Taioha'e Bay: Small World, with Sharks!
We’ve spent the last four days readjusting to having land nearby and getting into the swing of things in Nuku Hiva. Our first task was to get ourselves and Helios checked in through customs. This took us two visits to one of our new friends, Kevin. Kevin is an American and runs a Yacht Services business assisting sailors in jumping through bureaucratic hoops upon arrival. We made our first attempt to get checked in on Monday at 11:30 am; Kevin told us to come back at 7:30 am on Tuesday because the gendarmerie was closing in ten minutes. This is a pattern we’ve come to understand as the norm, businesses generally begin operating between 6 or 7 am and close before the heat of the day sets in. We’ve fallen into the same rhythm, naps being a key feature of the afternoon.
There are well over 60 boats sharing this bay with us; Taioha’e Bay is the largest, most developed village (but don’t be fooled, there’s still only one main road about a mile long) in the Marquesas and the only place to get diesel and gasoline, making it a transit point for most cruisers that pass through the region.
While waiting for Kevin, we had the chance to start to get to know some of the other cruisers in the bay. The smallness of the world quickly became apparent. Of the ten or so people we met at the time, six heralded from the Bay Area. And they seemed to get closer to home as we continued to chat, Saratoga, North Beach, Rockridge—College and Broadway, just five blocks from our home of three years. We had sundowners with a family on a neighboring cutter that made landfall just a few hours ahead of us, Asmara Sky. The captain onboard had graduated from the same small private school in Ojai, California at the same time as two of my cousins. He estimated that their graduating class had about 60 people—a small world, indeed.
Aside from making new friends, we’ve been taking walks through town and spending time jumping in the bay and cruising on the paddle board. We were swimming quite liberally, until a fateful stop at the dinghy dock. We were headed for our Tuesday morning appointment with Kevin, when Dominic slowed the motor as we approached the dock, a cement quay with a stainless steel ladder dropping to the water line. There were fisherman on the quay cleaning the day’s catch and tossing fish heads and entrails back into the water. In the water, there was a violent thrashing of fins.
“Those must be sharks,” Dominic said. And in a moment of pure denial I responded with, “No, those have to be more Manta Rays.”
Getting closer, dorsal fins came into focus, and we realized that Dominic was correct. There was a frenzy of five foot sharks feeding between ourselves and safety. And then came the moment of throat constricting terror when I realized I had been swimming in shark infested waters…I didn’t even know it! I remember being anxious about sharks during morning swim practice in high school, and that was in a chlorinated swimming pool far from the ocean. This was absolutely horrifying.

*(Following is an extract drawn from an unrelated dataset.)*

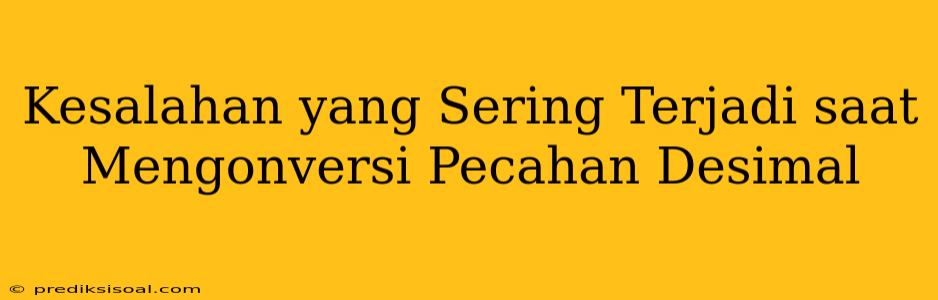 Kesalahan yang Sering Terjadi saat Mengonversi Pecahan Desimal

Kevin assured us it was still safe to swim, and it had been sometime since any “cruisers had been turned into lunch.” We still jump in the water to cool off, but I hop out with great efficiency. Dominic’s technique is to exert himself as the “apex predator." I’ll swim more when we have better visibility of any lesser predators beneath us, which will likely be very soon. We need to make water in a less populated bay, so we purchased fresh groceries (abundant here: tuna, eggs, tomatoes, green beans, romaine, papaya, baguette) and are probably going to raise the anchor and head west to Hakatea Bay tomorrow…if we feel like it.